Motor racing chief strikes deal with Hollywood star Stallone to boost F1 in lucrative US market

Formula One motor racing power broker Bernie Ecclestone has struck a deal with Hollywood film star Sylvester Stallone that will lead to the first US-based Grand Prix for almost a decade.

A race has been scheduled for Las Vegas in the 1999 race season. Stallone will film shots of practice sessions and the race itself, which will then be incorporated into film he is making based on F1.

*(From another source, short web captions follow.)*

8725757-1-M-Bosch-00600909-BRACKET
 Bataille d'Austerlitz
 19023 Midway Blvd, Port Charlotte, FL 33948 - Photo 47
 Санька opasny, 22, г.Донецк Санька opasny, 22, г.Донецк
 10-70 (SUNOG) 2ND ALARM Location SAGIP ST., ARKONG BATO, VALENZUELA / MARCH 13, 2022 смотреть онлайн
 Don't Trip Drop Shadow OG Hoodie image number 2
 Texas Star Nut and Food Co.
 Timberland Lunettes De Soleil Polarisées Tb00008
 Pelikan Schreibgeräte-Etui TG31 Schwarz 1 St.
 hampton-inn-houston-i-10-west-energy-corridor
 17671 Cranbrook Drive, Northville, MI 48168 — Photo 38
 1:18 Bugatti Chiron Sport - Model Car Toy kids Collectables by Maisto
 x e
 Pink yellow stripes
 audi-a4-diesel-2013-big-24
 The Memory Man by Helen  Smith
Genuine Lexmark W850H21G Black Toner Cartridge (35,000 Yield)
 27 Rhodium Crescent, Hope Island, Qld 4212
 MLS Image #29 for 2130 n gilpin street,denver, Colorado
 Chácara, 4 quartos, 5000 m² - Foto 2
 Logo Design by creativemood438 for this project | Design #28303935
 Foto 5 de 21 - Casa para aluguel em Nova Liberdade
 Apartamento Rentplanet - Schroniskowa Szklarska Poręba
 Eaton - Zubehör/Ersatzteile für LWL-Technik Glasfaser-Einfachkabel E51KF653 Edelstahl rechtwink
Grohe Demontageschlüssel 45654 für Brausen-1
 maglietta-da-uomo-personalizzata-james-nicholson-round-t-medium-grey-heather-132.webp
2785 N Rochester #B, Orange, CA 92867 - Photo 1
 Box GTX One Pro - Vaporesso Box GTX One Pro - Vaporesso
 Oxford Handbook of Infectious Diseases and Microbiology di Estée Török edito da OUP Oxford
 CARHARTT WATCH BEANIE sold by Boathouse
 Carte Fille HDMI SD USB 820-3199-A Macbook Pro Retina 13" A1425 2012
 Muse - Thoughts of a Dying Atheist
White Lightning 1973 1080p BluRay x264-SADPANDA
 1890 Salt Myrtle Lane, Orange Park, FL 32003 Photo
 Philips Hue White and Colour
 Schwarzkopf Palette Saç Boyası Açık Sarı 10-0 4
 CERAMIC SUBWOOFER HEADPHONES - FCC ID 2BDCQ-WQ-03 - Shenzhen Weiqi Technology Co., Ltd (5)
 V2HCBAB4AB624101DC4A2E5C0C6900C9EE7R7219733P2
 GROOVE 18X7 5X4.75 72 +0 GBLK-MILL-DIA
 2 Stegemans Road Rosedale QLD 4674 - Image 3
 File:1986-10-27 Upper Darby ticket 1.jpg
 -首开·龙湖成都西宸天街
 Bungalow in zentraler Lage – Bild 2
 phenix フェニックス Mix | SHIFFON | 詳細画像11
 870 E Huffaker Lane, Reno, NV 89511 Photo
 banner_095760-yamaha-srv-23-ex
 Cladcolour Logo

Ecclestone, chairman of Formula One Administration, will get exposure not only on American TV but also through US cinema. Despite F1’s annual global TV audience of 450 million, it has made little progress in the US, partly because few American drivers have been successful at it.

Stallone’s film will give the sport exposure in the American market. The move will also boost Ecclestone’s ambitions to float F1 on the stockmarket, scheduled for next year, and is likely to make the sport even more attractive to sponsors.

Ecclestone is at the centre of the furore over the Government’s plans to exempt F1 from a ban on tobacco sponsorship after it was revealed he had made a 1m donation to Labour’s election fund.

The most important motor sport in the US is Nascar saloon car racing, which has a much bigger profile than the older Indycar circuit.

The most recent US Grand Prix took place in Phoenix in 1991.

One insider at the sport’s governing body, the FIA, says: “Bernie does want to get into the American market. He sees this as another way of trying to get the sport noticed there.”